Il diritto allo studio sancito dall'articolo 34 della Costituzione è garantito anche per chi sta dietro le sbarre. "È un modo importante per far pensare i detenuti in modo differente. Quello che scatta è un diverso meccanismo culturale", continua Siciliano. Insieme ad Opera, parteciperà anche il carcere di Bollate alla sperimentazione. I reclusi potranno assistere alle lezioni dei loro corsi via Skype e a volte potranno partecipare a lezioni frontali di professori che si recano nella struttura. Come fa da un anno Alberto Giasanti, che insegna a 25 reclusi al corso "Le forme della mediazione dei conflitti". Insieme a loro, partecipano 33 studenti dell'università. "Mi colpisce che gli studenti mi abbiano detto che non si sentono dentro un carcere, è un dato importante", spiega il professore.

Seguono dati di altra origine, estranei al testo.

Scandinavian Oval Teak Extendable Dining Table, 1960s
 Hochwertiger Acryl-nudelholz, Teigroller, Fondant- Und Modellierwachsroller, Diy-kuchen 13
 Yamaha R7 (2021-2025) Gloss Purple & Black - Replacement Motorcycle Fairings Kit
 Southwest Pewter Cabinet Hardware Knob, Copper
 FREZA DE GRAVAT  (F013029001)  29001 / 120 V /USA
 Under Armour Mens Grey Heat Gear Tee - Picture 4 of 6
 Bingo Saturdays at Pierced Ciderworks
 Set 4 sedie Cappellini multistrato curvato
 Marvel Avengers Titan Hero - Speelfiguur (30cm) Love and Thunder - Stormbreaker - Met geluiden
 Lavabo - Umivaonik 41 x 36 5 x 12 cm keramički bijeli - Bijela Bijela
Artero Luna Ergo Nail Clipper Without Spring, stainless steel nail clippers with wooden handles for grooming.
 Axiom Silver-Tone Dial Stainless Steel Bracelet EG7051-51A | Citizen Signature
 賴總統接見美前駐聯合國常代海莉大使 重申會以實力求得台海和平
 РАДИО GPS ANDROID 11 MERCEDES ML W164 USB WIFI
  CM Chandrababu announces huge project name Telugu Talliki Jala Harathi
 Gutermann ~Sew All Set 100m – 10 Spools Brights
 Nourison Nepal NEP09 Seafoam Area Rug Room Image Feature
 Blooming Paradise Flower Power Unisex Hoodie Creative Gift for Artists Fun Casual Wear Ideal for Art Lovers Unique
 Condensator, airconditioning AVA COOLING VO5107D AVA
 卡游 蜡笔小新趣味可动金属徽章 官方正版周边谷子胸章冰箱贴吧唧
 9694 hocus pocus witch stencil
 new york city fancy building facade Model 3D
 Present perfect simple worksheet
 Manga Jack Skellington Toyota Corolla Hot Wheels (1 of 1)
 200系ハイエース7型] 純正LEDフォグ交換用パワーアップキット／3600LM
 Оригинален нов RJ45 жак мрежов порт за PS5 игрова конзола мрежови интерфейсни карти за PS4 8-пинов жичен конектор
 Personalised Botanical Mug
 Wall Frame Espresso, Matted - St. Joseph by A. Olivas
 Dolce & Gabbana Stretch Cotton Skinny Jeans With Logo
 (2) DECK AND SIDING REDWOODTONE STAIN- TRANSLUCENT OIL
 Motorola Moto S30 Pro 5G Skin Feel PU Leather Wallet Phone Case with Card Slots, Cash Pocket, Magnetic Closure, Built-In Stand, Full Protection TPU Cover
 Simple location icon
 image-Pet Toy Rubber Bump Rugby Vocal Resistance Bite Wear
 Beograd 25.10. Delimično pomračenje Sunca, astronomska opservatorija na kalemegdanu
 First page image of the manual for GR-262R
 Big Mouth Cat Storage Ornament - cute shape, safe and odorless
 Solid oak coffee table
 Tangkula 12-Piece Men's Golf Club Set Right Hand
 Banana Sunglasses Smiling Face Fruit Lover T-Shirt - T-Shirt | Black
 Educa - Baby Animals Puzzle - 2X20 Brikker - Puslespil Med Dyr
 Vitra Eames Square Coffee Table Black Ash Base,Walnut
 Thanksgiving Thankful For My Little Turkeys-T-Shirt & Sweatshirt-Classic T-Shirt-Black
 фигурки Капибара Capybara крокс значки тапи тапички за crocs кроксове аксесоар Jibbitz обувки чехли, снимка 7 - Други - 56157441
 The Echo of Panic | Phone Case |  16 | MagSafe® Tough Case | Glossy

Non un caso la scelta della materia: imparare a gestire i conflitti è il primo passaggio per la rieducazione all'interno del carcere.

Alla base della convenzione ateneo-carcere c'è l'accordo stretto il 28 giugno scorso dal Provveditorato regionale dell'amministrazione penitenziaria e l'università Bicocca. Aldo Fabozzi, provveditore regionale, sostiene che "potrebbero arrivare studenti-detenuti anche da fuori regione per partecipare alle lezioni". In tutta Italia sono poche le realtà che stanno percorrendo questa strada di convenzioni con le università. Già in corso c'è solo a Torino, dove gli studenti universitari del carcere, a febbraio 2014, sono 28. Dal '98 ad oggi a Torino si sono laureati in 30 e altri 10 arriveranno al capolinea quest'anno. Dal 2000 un'esperienza simile esiste anche al carcere Dozza di Bologna.